For my own personal interests, I've been curious about those. The 503 errors were happening on all pages across the site because the webserver couldn't respond to all of the requests. But depending on how the site is set up, it doesn't necessarily mean that the submissions of the people who received them were lost. After all, if you were to return to the site and then resubmit, it would just show you the slot you were already in since being on the site is not necessary to maintain your place in line once it is determined.
Of course, I don't actually know if this is the case. I'm just curious.
The countdown was off on his phone. It showed over two minutes left when my button went live. He refreshed, and got the 503 error. (He may have poked the un-live button a few times before switching to my computer. I'm not sure if that would submit the list if it was supposed to be live. It didn't appear to be doing anything.) When he logged in on my computer, the button to submit his list was live. Do you know if the button appears while you're in the queue?
I'm not confident enough in my memory of the situation to say whether the button remains while you are in the queue. My queue time was very short and I only had one tab open this year (after my double submission issue from last year) and only clicked the button once. Then I immediately went to the forum to finish my place-in-line topic.
Quick, everyone: what games did you miss out on last year?
No one remembers. And it didn't affect anyone's enjoyment of the Con last year at all.
I missed three tickets for Privateer Press speed-painting round 5, but that was due to my own mistake with double booking. :p
I still had a great GenCon.
Not blasting people for being upset now, just saying that no one I've ever met spends their con bemoaning the games they didn't get into at prereg. Maybe there are people who do, I guess. But I don't know 'em, and probably don't want to.
I can go back about 3-5 years remembering what I got shut out of. A big part of it was 5 straight years of being shut out of every You too can Cthulhu game I tried for. Missing a particular game has never ruined my experience but I like a lot of different kinds of games. I see how a person with a less diverse taste could be put out if they didn't get anything they wanted. If you only ply a certain edition of D&D or, X-wing minis, or call of Cthulhu for instance.
I too got bad luck this year for events as it locked up and I ended up 6500 or so.
I will go, I will have a blast with my son. its just hard to explain to a 12 year old we won't be playing the games you helped me pick out because of a random error.
Wish list should be automatically submitted, with no more than 5 events processed from any list, then move to next person. Its super simple for them to do this, and would help make a more even playing field for everyone.
Remember that the GMs are people, go talk to them :) If their email wasn't listed, contact Derek and he can pass along a message or get contact info.
Also go back and check if events opened up. We just returned two tickets to T.I.M.E. Stories last night because my husband had no patience to wait until GENCON and bought the game (I'm so glad he bought it).
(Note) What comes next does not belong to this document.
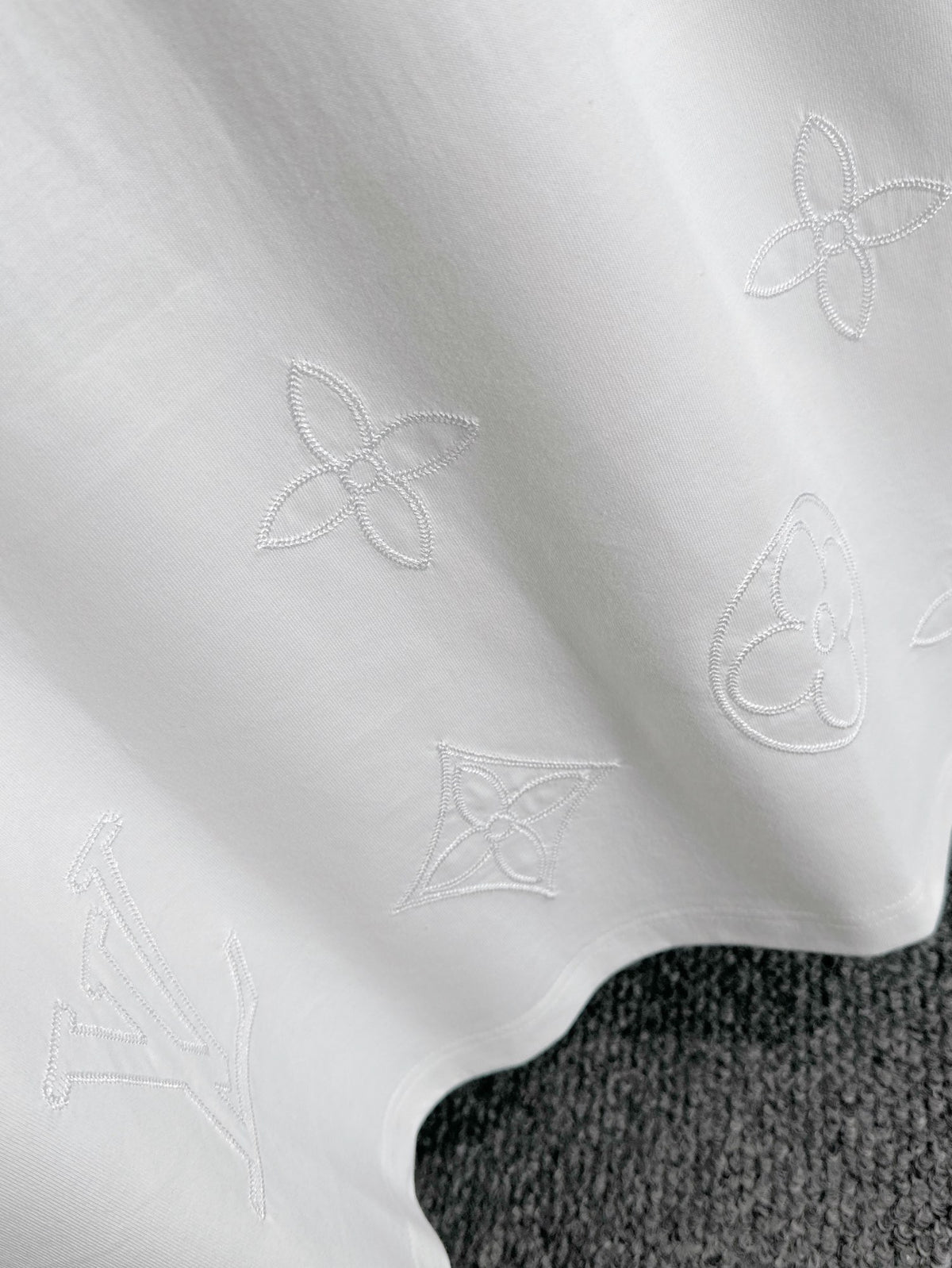 2026 New Arrival T-Shirt-3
ever think this might be part of the problem? people opening multiple connections causing unnesasary strain on the system? 5000 people all opening up multiple tabs to the page is adding strain exponetionally
They should either have enough servers to handle the (artificial) demand, or institute a registration system that doesn't encourage people to load 10 pages at once.
Blaming the customers for engaging in behaviors that align with their interest is not going to get anywhere productive.
And you can turn it around....
Is there anyone out there defending the system who didn't get a low queue number and most if not all of their choices?